**To do**
In the material below, find the line with "Endoscope Creampie. Cam" and the line with "Brucellose : causes, symptômes", then output those two lines and every line between them, exactly.

Start of Block

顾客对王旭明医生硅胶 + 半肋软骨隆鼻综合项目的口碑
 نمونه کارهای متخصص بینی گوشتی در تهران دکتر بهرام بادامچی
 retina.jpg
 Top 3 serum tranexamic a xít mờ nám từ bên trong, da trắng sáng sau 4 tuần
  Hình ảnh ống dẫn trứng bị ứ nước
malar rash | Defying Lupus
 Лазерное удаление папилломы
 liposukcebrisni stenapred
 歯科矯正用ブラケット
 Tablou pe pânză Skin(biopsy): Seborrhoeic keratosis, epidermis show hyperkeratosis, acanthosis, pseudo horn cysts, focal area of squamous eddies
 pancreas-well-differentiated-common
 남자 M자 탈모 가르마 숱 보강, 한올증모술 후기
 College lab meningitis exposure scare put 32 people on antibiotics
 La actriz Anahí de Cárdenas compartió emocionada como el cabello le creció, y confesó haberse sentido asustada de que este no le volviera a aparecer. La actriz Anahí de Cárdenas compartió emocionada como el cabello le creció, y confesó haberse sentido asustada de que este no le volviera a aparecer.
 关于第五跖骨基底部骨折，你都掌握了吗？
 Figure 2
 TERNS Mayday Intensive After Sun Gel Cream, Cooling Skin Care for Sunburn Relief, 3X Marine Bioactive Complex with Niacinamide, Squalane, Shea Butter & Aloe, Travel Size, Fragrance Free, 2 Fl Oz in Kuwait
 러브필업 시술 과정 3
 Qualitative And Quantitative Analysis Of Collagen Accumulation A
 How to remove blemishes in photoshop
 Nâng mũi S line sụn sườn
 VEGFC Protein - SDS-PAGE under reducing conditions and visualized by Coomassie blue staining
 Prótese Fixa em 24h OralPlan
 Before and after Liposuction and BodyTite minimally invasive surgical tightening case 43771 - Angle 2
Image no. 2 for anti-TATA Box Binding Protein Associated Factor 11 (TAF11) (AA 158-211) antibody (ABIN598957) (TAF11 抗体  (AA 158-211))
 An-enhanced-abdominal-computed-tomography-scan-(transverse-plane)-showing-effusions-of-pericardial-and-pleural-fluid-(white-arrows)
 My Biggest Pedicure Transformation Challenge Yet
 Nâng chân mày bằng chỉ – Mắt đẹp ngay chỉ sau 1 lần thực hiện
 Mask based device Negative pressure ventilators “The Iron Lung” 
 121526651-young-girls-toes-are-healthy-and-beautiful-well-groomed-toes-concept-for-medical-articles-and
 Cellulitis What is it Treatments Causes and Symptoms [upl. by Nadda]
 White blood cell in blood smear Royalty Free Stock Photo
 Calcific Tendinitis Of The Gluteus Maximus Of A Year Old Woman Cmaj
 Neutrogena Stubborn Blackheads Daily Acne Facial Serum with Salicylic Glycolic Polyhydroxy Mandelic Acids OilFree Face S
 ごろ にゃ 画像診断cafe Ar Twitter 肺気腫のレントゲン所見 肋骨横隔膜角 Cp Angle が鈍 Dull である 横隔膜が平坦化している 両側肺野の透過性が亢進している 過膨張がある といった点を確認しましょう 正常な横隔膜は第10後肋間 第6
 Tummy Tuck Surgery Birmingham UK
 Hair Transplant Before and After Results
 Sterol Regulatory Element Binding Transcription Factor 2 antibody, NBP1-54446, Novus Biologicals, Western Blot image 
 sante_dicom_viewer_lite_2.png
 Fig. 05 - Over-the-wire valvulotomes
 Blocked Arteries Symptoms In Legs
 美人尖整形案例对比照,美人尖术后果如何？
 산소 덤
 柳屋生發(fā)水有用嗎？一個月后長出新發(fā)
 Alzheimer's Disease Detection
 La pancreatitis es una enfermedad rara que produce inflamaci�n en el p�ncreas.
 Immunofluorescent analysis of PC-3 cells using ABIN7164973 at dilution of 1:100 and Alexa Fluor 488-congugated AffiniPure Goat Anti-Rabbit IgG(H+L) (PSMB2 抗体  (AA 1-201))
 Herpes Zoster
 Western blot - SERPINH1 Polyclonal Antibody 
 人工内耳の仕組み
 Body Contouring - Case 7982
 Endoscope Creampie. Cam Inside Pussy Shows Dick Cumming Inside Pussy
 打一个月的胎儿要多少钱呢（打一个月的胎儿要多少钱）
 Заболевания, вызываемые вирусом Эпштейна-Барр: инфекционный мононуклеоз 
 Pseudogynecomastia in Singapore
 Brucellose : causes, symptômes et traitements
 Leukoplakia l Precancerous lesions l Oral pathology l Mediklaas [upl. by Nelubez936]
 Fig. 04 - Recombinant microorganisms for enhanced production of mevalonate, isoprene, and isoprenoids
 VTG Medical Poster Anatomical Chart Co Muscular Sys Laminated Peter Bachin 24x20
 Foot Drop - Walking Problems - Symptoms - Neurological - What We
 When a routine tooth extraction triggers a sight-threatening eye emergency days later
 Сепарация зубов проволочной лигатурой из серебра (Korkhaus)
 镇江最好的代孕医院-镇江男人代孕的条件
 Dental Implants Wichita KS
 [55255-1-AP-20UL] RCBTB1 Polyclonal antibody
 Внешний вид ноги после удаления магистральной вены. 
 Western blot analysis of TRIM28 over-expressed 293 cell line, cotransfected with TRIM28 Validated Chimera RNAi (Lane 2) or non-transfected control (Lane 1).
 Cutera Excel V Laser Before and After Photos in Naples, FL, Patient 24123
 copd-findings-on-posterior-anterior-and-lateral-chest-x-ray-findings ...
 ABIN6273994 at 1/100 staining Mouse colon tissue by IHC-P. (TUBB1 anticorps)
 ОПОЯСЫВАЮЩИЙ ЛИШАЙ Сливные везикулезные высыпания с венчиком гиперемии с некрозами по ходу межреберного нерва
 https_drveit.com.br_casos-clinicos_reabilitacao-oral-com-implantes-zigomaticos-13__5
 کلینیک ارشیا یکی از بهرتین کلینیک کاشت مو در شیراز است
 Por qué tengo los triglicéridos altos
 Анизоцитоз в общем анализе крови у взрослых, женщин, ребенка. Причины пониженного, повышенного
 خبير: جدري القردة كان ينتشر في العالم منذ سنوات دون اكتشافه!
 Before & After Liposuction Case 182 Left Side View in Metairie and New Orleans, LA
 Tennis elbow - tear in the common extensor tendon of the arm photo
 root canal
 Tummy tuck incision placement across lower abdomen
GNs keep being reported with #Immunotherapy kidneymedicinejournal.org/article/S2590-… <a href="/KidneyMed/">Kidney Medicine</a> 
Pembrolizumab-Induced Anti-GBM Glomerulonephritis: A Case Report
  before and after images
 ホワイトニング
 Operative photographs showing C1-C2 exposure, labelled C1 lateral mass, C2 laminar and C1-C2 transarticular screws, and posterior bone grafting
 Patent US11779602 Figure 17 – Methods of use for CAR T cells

End of Block

**Written solution**
 Endoscope Creampie. Cam Inside Pussy Shows Dick Cumming Inside Pussy
 打一个月的胎儿要多少钱呢（打一个月的胎儿要多少钱）
 Заболевания, вызываемые вирусом Эпштейна-Барр: инфекционный мононуклеоз 
 Pseudogynecomastia in Singapore
 Brucellose : causes, symptômes et traitements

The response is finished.